In games whose appeal is to explore & master the systems -like survival games- players won’t care about having fewer mechanics or barebones realisation (as you may have noticed, Stacklands strength isn’t character animation or world immersion). The variety of the game comes from the depth of content and the unique effects they may provide.
Actually, Stacklands wouldn’t work better if it were a fully realised 3D game, cards are more efficient at delivering this type of experience.
Accepting Arbitrary Rules
As I said, Stacklands is more than a cool simulation where you toy with elements to identify combinations: it’s a survival game and at the end of each day, you must feed your people, or they’ll die (which makes it particularly difficult to continue the run).
What matters to me here is how the cards-only realization of Stacklands helps the designers to explain the game loops & make the player accept restrictive mechanics.
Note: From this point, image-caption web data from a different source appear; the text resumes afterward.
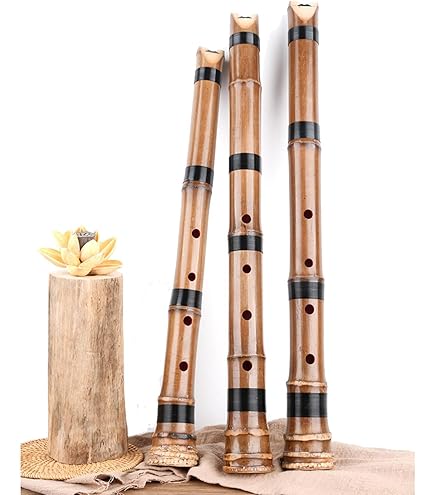 Amazon | プラ尺八「悠」&尺八入門都山系セット | 尺八 | 楽器・音響機器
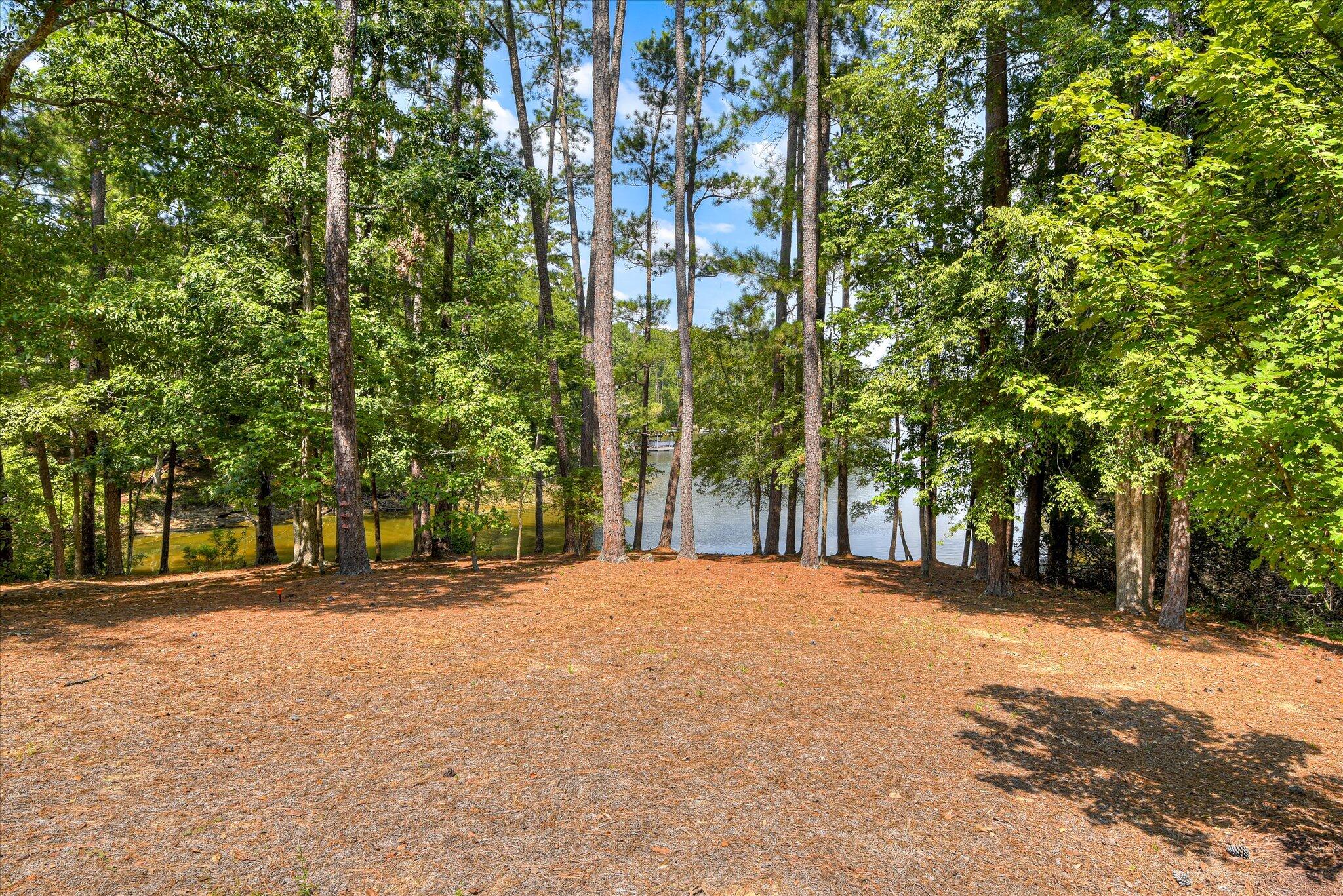 207 Hummingbird Lane McCormick, SC 29835 - Photo 58 of 74 61-161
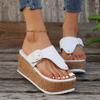 Designer Slippers Women's Flip-flops Wedges High Heeled Slippers Summer Pinch Toe Casual Slippers for Women Platform Sandalias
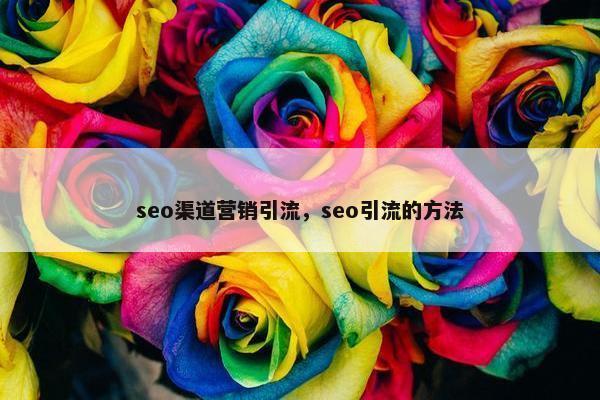 seo渠道营销引流，seo引流的方法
At the end of each day, the feeding is automatic, and it takes one second to show it simply by moving food cards, destroying them with a crunchy sound & panning the camera. It sounds obvious (again), but when everything is a card of the same size, even a basic animation like this is perfectly readable, and of course, it’s a lot easier to make for the developer.
There’s another area where cards have a significant advantage: inventory restriction. Traditionally, making players accept any sort of limitation is tricky, and it gets even more so (by several orders of magnitude) when the rule doesn’t seem fair.
In Stacklands, the card limit at the end of each day forces you to sell cards before moving on! It sounds like a design nightmare, but not here: the “physicality” of cards makes the rule limpid. You either have more cards than allowed or not. Imagine transposing this to a 3D environment, the same limit would feel arbitrary (how does a tree count in my inventory limit? and why is an egg counting for as much as a house?)
Randomness is another difficult mechanic to accept in general, but lucky for us, there are models you can use: the booster pack. Not only does this make the experience cohesive, but it also serves ideally the developers’ need for variance.
Conclusion
I like to end these articles with the universal lessons that apply beyond the studied genre.
The main inspiration we can draw from Stacklands, in my opinion would be how its developers leveraged recognisable concepts (the playing cards) to lay the foundations of an intuitive UX, yet still used the digital capacities of the medium to the maximum to introduce fresh rules that no one could have done before in physical board games.
When inventing new experiences, we always base ourselves on many existing concepts. The designer's strength is recognizing where we should stay faithful & where we should twist to create new experiences.